Supplied records:
....

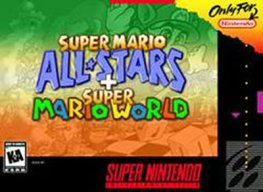 Super Mario All-Stars, Super Mario World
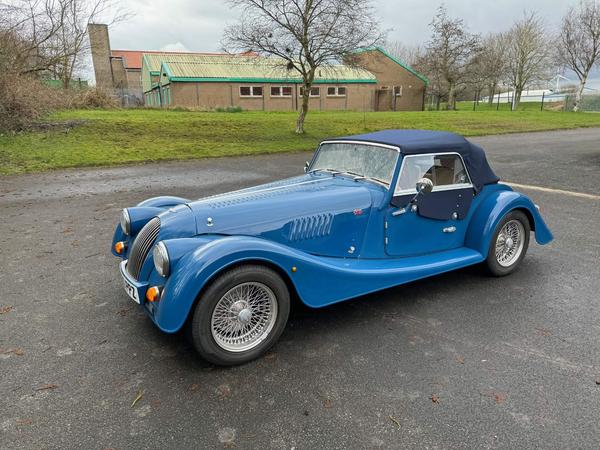 Morgan Plus Four 2.0i Auto Euro 6 (s/s) 2dr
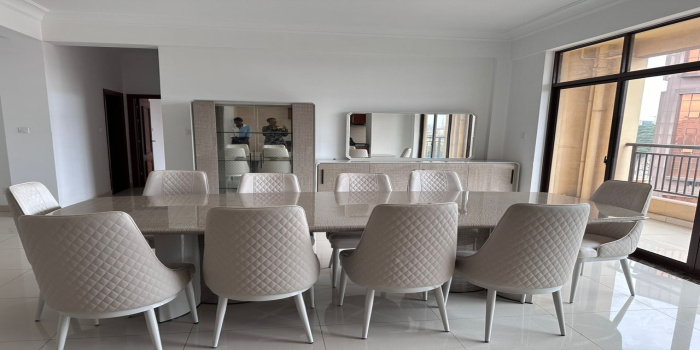 Yaoundé, Centre ville, 3 Chambres Chambres, ,3 Salle de bainSalle de bain,Appartement,Vacation Rental,8,1349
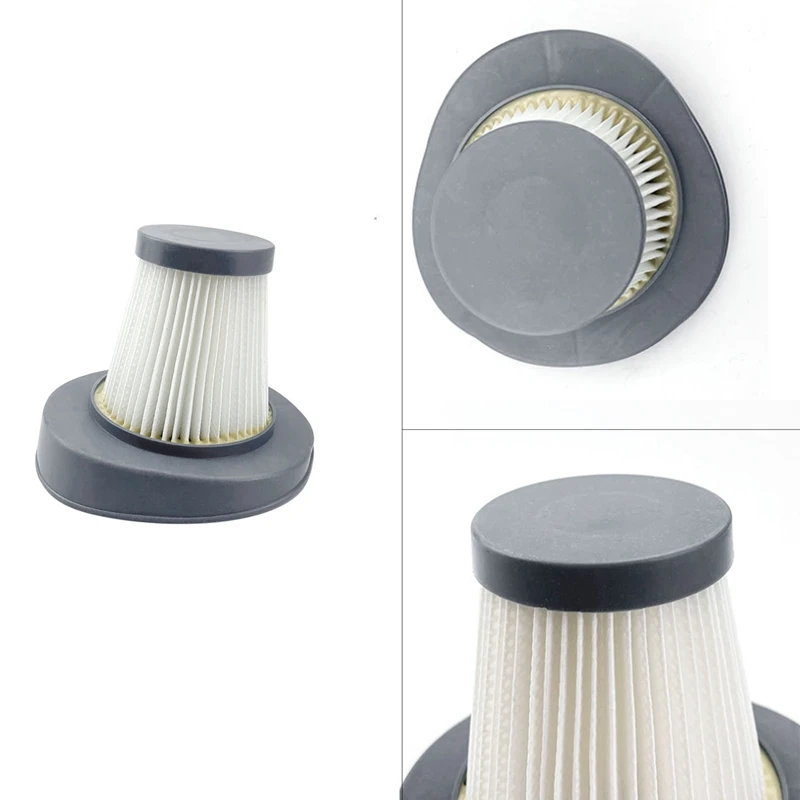 

Dust Filters for HanFuRen Handheld Vacuum Cleaner HEPA Filter Replacement Spare Parts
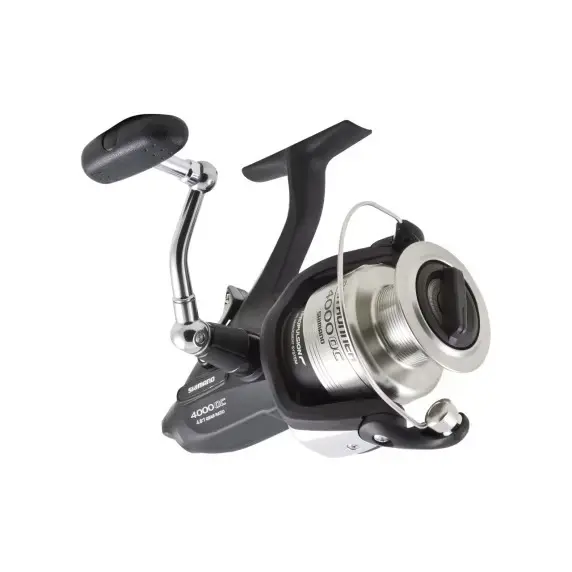 Rolle mit Vorderradbremse Shimano Baitrunner OC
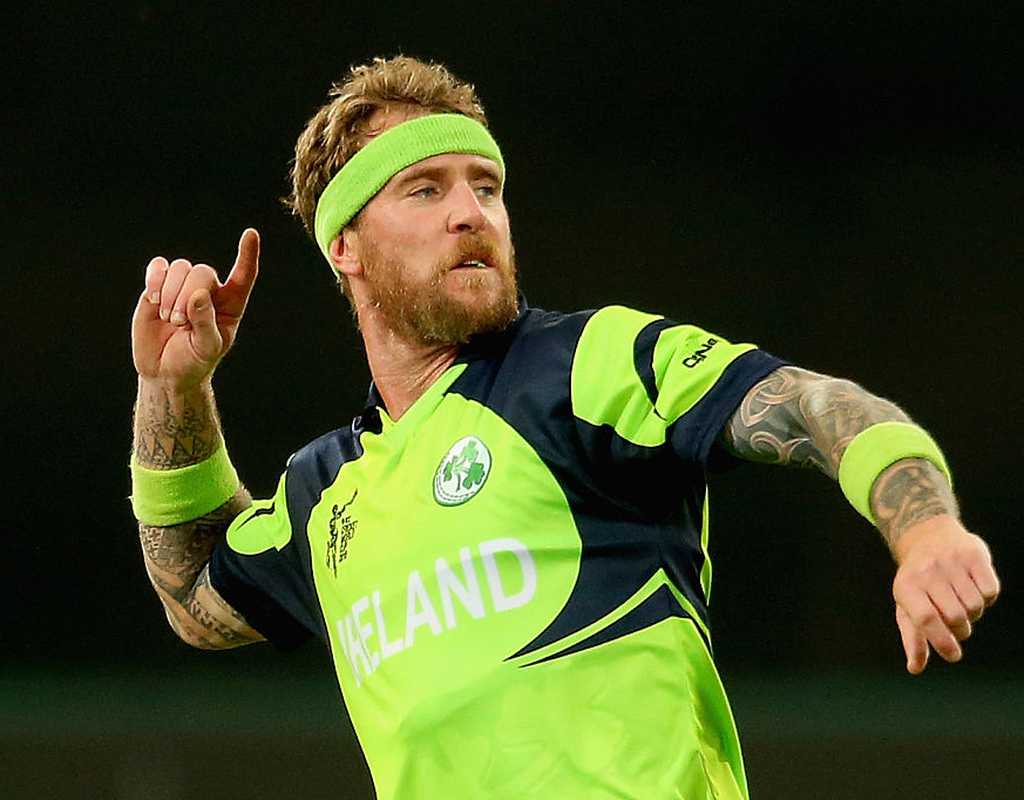 Afghanistan rope in John Mooney as fielding coach  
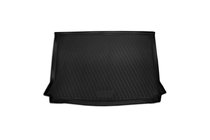 Citroen Berlingo 1996-2008 (2005↗) Trunk Mat Rubber (Novline) First VIP (univ.) photo 1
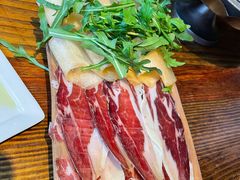 意大利火腿拼盘-Osteria Garden 生蚝花园餐厅(原进贤路店)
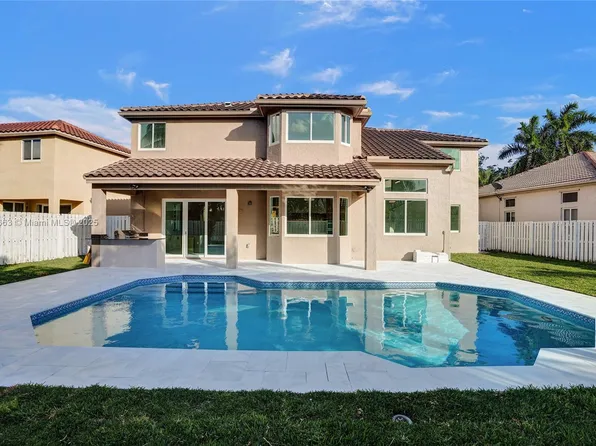 852 Heritage Dr, Weston, FL 33326
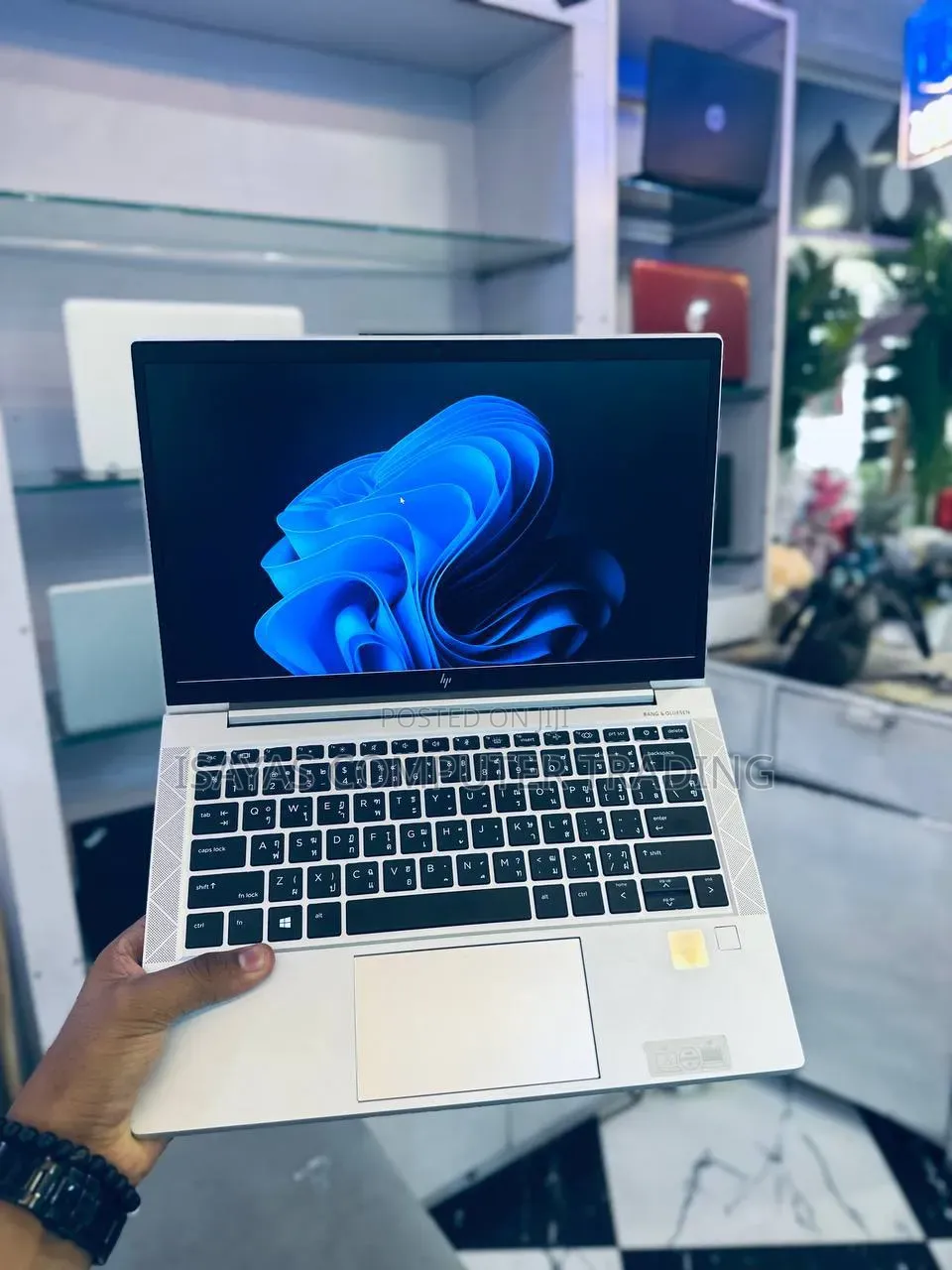 New Laptop HP EliteBook 840 G7 16GB Intel Core i5 SSD 512GB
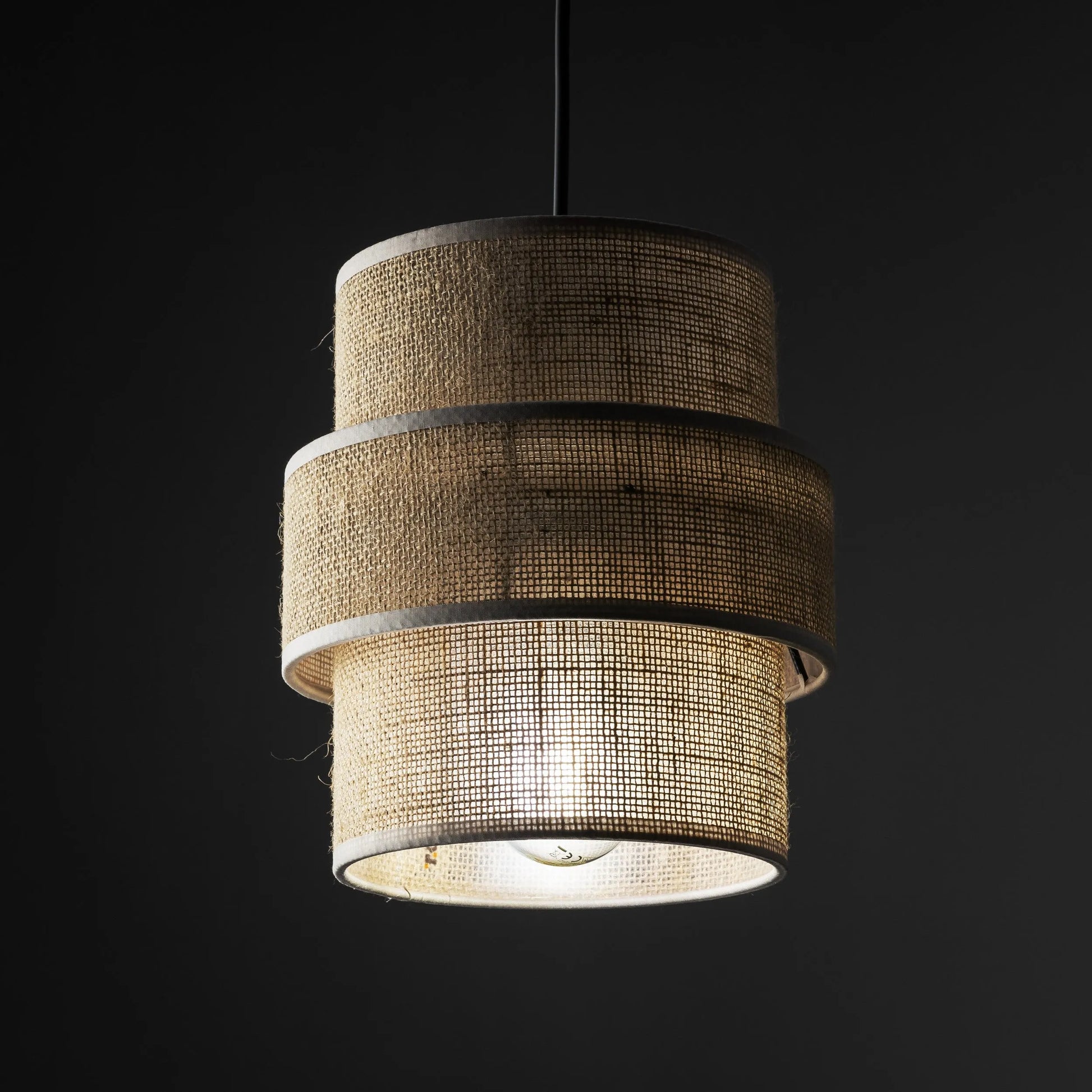 CALISTO JUTE Natural  Pendant Lamp LumoCrafts product_type art-noise.myshopify.com calisto-jute-natural-pendant-lamp CALISTO JUTE Natural  Pendant Lamp LumoCrafts  art-noise.myshopify.com calisto-jute-natural-pendant-lamp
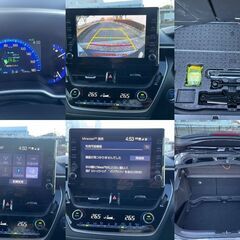 令和3年 カローラスポーツ 1.8 ハイブリッド G スタイルパッケージの画像
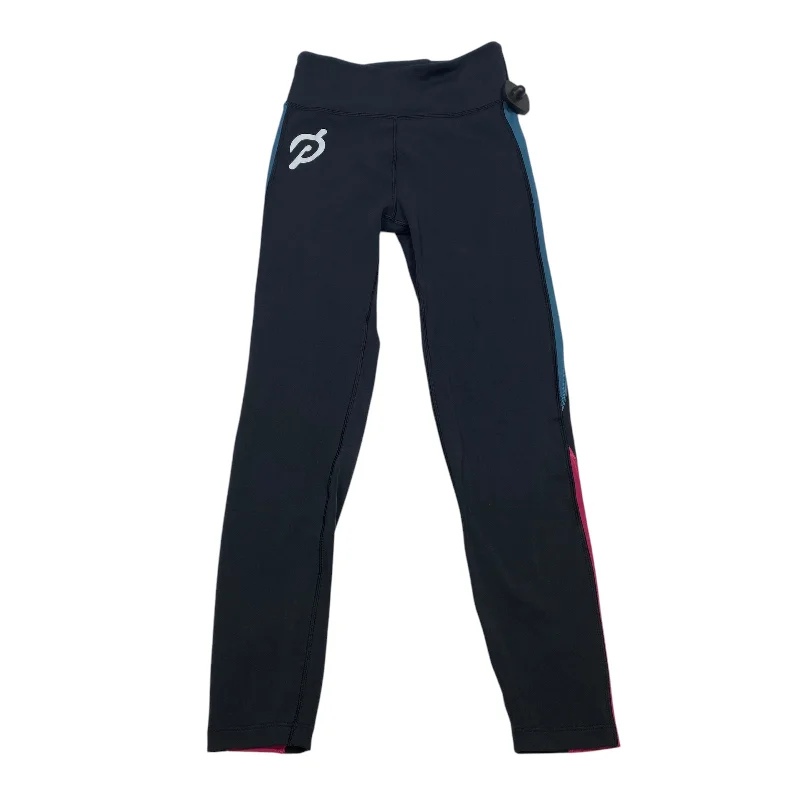 Athletic Leggings By Peloton In Black, Size: S Luxurious Women's High -  end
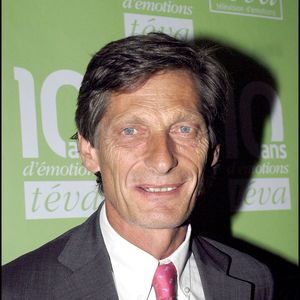 Nicolas De Tavernost, conférence de presse de la chaîne Téva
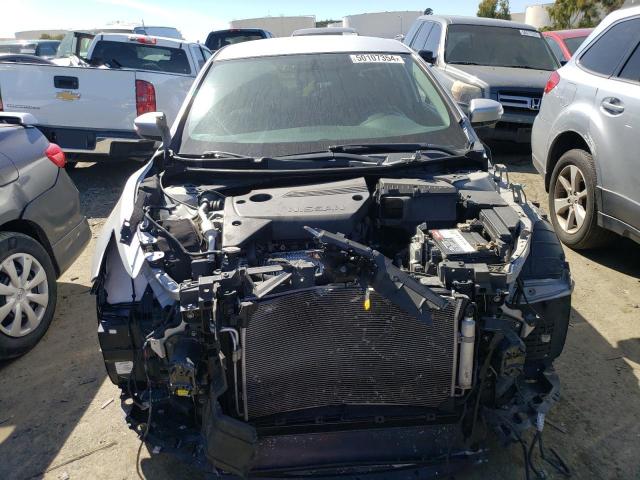 1N4AL3AP5JC196810 - 2018 NISSAN ALTIMA 2.5 Күміс фото 5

....

Beginning with the line that contains "Rolle mit Vorderradbremse" in the data above, please copy each line exactly until the last line, both ends included, skipping any pictures.

 Rolle mit Vorderradbremse Shimano Baitrunner OC
 Afghanistan rope in John Mooney as fielding coach  
 Citroen Berlingo 1996-2008 (2005↗) Trunk Mat Rubber (Novline) First VIP (univ.) photo 1
 意大利火腿拼盘-Osteria Garden 生蚝花园餐厅(原进贤路店)
 852 Heritage Dr, Weston, FL 33326
 New Laptop HP EliteBook 840 G7 16GB Intel Core i5 SSD 512GB
 CALISTO JUTE Natural  Pendant Lamp LumoCrafts product_type art-noise.myshopify.com calisto-jute-natural-pendant-lamp CALISTO JUTE Natural  Pendant Lamp LumoCrafts  art-noise.myshopify.com calisto-jute-natural-pendant-lamp
 令和3年 カローラスポーツ 1.8 ハイブリッド G スタイルパッケージの画像
 Athletic Leggings By Peloton In Black, Size: S Luxurious Women's High -  end
 Nicolas De Tavernost, conférence de presse de la chaîne Téva
 1N4AL3AP5JC196810 - 2018 NISSAN ALTIMA 2.5 Күміс фото 5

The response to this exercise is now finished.